_Problem statement_. Every line from the one with "#4 Unbleached Paper" to the one with "La copertina del", including those two, is to be copied exactly; all other lines of the entries below are left out.

Excerpts from a dataset
* * *
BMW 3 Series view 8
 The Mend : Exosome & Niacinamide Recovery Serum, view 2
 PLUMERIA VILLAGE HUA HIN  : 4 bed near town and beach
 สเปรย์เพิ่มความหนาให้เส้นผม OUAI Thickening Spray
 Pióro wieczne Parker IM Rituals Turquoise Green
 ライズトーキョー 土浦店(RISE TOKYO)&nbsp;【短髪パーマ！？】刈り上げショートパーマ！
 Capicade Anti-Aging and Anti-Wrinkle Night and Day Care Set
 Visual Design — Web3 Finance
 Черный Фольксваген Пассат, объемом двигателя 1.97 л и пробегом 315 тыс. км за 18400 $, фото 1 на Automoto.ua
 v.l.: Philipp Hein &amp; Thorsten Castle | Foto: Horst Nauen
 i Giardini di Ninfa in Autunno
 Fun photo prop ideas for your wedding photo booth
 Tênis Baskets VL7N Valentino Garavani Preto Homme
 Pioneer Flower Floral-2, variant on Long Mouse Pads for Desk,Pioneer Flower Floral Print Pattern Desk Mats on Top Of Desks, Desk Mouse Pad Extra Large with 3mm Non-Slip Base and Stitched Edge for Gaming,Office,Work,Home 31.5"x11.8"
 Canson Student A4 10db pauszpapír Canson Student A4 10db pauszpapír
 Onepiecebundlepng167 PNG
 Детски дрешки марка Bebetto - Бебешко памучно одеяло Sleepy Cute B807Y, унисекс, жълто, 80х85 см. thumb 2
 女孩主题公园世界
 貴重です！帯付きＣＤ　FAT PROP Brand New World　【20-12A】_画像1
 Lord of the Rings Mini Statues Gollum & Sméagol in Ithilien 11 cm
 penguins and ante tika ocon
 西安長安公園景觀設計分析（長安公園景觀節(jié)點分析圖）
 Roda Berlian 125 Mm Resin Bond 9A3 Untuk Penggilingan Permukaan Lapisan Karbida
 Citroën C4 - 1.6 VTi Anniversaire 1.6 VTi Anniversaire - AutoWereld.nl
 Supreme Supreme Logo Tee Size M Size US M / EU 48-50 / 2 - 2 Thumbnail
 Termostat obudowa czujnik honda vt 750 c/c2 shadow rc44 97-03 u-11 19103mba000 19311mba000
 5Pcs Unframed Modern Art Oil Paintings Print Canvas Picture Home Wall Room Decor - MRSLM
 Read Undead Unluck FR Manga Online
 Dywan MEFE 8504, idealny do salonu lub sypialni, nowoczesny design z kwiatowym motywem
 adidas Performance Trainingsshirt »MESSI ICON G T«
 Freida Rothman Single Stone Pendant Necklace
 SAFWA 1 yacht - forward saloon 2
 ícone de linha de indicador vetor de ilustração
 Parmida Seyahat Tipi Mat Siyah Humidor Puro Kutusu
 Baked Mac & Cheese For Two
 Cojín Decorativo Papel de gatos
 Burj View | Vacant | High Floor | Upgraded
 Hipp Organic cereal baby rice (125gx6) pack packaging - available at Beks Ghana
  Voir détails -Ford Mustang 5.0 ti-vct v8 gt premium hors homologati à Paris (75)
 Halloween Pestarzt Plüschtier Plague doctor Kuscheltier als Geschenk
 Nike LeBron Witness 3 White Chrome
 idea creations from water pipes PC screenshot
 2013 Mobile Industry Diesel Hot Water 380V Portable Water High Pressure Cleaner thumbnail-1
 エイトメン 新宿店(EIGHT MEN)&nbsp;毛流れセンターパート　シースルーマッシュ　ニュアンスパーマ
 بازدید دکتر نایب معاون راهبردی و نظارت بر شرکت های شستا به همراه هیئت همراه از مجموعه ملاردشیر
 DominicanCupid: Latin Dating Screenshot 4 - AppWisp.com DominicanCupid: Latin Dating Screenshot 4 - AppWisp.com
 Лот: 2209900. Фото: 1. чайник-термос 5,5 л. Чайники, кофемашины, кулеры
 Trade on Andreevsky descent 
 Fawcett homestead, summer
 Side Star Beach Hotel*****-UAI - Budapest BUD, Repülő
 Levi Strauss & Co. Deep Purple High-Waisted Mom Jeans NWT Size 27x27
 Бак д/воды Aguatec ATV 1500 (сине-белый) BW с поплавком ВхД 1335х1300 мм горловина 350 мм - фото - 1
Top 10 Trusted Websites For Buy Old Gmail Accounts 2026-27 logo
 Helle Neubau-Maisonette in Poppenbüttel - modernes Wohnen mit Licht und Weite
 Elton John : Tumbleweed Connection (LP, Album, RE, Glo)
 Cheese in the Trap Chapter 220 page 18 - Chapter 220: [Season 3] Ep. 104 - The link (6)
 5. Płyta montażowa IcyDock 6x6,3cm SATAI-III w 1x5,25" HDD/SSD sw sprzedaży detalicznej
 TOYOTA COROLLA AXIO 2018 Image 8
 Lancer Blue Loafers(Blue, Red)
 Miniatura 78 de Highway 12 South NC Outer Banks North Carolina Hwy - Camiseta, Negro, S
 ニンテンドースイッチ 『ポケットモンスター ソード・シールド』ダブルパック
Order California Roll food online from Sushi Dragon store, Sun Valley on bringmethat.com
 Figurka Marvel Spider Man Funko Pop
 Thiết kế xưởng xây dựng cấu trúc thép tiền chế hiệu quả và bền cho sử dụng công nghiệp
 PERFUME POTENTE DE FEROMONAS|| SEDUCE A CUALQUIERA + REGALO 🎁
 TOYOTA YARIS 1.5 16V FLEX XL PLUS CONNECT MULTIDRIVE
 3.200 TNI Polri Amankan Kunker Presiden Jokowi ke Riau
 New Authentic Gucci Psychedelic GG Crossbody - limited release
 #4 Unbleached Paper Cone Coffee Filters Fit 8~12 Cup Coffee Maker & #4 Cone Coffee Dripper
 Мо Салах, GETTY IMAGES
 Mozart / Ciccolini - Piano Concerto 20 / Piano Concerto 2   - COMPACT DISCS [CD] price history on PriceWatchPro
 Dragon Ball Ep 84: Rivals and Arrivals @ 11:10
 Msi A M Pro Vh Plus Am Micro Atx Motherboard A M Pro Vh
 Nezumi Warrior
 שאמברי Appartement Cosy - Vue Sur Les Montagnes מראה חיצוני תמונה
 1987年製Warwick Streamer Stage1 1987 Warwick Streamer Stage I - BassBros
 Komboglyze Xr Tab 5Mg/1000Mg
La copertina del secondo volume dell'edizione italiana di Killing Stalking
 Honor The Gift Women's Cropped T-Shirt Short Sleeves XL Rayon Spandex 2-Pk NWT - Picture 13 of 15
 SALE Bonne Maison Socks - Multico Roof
* * *
_Problem solution_.
 #4 Unbleached Paper Cone Coffee Filters Fit 8~12 Cup Coffee Maker & #4 Cone Coffee Dripper
 Мо Салах, GETTY IMAGES
 Mozart / Ciccolini - Piano Concerto 20 / Piano Concerto 2   - COMPACT DISCS [CD] price history on PriceWatchPro
 Dragon Ball Ep 84: Rivals and Arrivals @ 11:10
 Msi A M Pro Vh Plus Am Micro Atx Motherboard A M Pro Vh
 Nezumi Warrior
 שאמברי Appartement Cosy - Vue Sur Les Montagnes מראה חיצוני תמונה
 1987年製Warwick Streamer Stage1 1987 Warwick Streamer Stage I - BassBros
 Komboglyze Xr Tab 5Mg/1000Mg
La copertina del secondo volume dell'edizione italiana di Killing Stalking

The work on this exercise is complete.